• **EXERCISE REQUIREMENTS**
Your answer must be an exact copy of the listing, with the images left out.

• **SUPPLIED INFORMATION**
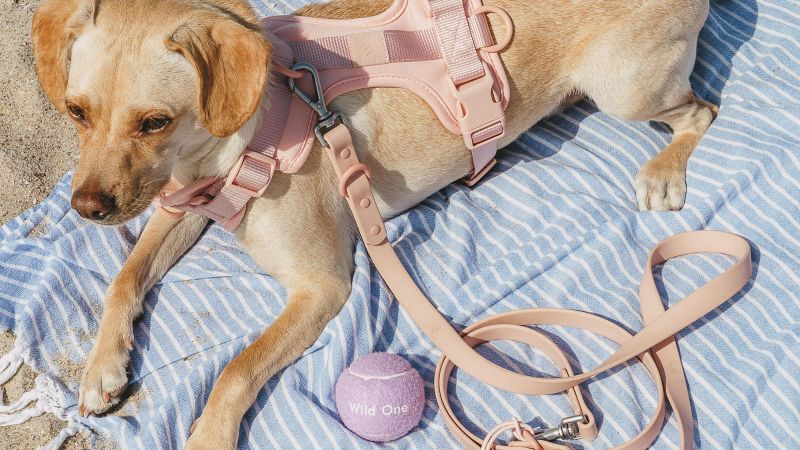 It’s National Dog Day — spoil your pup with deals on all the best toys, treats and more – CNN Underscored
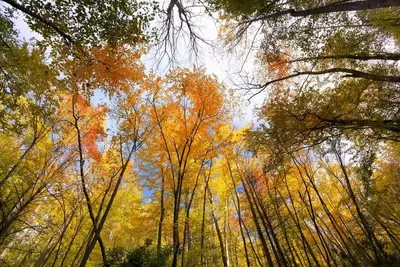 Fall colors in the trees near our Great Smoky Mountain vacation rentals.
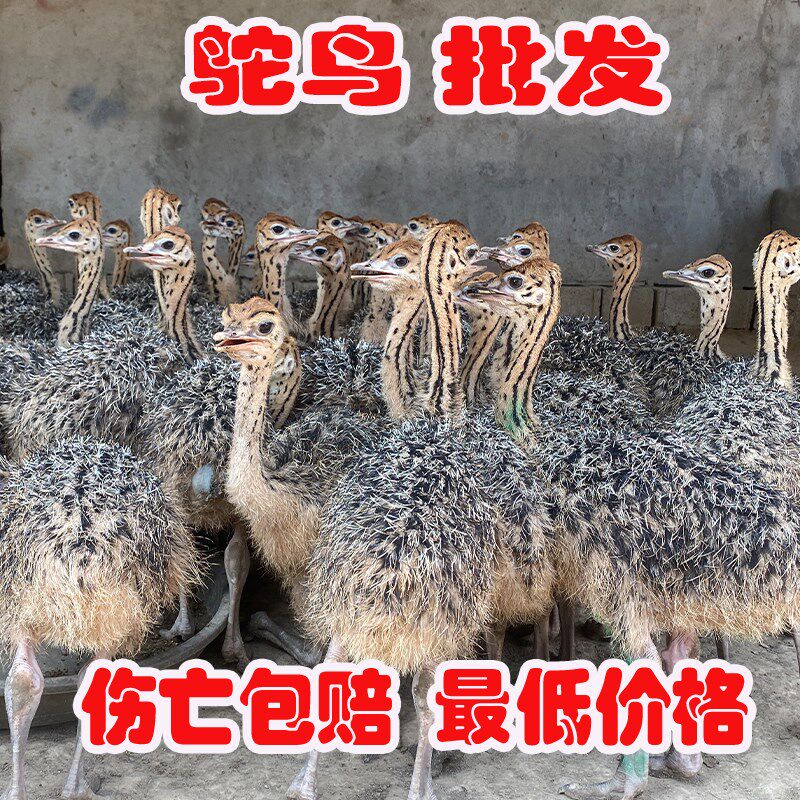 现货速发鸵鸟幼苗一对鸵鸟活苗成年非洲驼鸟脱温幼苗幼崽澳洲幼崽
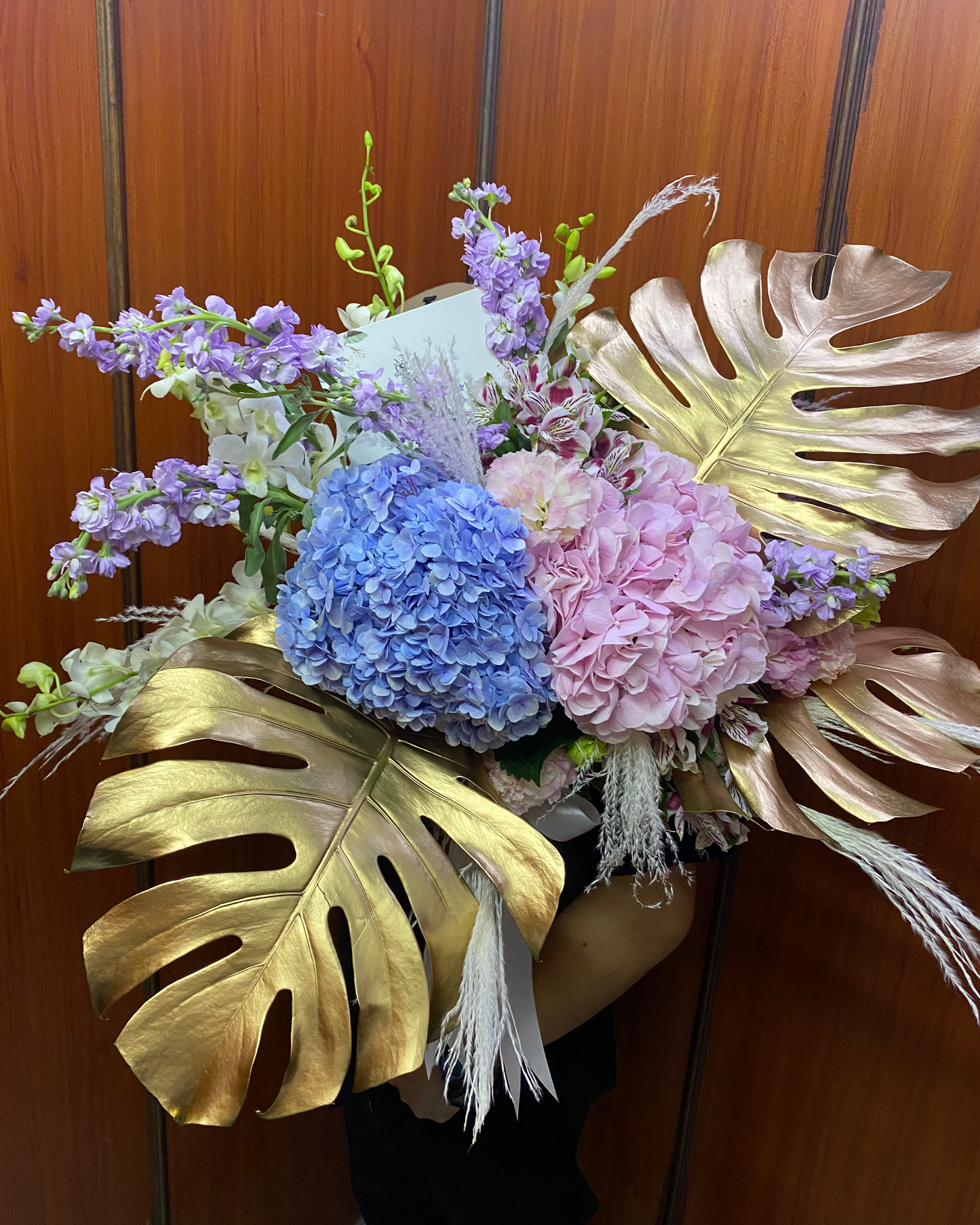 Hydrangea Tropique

• **EXERCISE RESULT**
 It’s National Dog Day — spoil your pup with deals on all the best toys, treats and more – CNN Underscored
 Fall colors in the trees near our Great Smoky Mountain vacation rentals.
 现货速发鸵鸟幼苗一对鸵鸟活苗成年非洲驼鸟脱温幼苗幼崽澳洲幼崽
 Hydrangea Tropique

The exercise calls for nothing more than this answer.